Her Mother's Hope
- First edition
- Author: Francine Rivers
- Language: English
- Series: Marta's Legacy Series
- Genre: Novel
- Published: 2010, Tyndale House
- Publication place: United States
- Media type: Print
- Pages: 498
- ISBN: 9781414318639
- OCLC: 436617217
- Followed by: Her Daughter's Dream

= Her Mother's Hope =

Book by Francine Rivers

Her Mother's Hope is a fictional romance novel written by Francine Rivers in 2010. The novel made The New York Times Best Seller list in April 2010.

==Plot==
Her Mother's Hope follows a family as they discover what sacrifices it takes to show unconditional love. As the first in a family saga, the story begins with Marta Schneider as she leaves Switzerland and embarks upon a journey that will forever change the course of her family's history.

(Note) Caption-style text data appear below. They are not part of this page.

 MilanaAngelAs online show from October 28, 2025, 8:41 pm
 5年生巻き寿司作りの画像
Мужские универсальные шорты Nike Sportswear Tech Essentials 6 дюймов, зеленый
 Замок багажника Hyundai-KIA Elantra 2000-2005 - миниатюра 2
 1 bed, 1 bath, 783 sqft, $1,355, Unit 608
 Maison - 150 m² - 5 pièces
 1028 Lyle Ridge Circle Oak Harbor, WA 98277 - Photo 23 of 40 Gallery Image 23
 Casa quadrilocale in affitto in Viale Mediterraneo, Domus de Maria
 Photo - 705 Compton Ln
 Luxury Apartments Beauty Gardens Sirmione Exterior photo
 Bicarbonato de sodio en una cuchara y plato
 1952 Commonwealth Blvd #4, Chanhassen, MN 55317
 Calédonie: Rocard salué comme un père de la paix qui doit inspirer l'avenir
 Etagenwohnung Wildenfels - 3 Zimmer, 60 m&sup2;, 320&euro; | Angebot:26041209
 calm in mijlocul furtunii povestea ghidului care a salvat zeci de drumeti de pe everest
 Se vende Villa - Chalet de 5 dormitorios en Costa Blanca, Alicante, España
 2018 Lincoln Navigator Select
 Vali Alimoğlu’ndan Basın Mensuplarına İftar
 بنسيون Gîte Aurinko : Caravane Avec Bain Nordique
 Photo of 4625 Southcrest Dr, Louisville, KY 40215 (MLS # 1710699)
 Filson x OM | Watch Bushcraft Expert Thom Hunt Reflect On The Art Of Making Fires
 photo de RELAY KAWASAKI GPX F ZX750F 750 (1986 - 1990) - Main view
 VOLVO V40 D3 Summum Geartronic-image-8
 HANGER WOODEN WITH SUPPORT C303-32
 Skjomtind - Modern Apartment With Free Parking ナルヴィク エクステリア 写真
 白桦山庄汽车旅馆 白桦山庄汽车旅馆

As she suffers wars and hardships, she is determined to have her way until she has kids of her own. Her stubbornness gives her strength to raise strong children. But Hildemara, her oldest daughter, misinterprets this strength for distance. As World War II approaches, Hildie forges her own path to win her mother's respect. But when an illness overtakes her, will her own daughter misinterpret her love as distance as well? This explored further in the book's 2010 sequel, 'Her Daughter's Dream' which carries the family saga from the 1950s to the present day.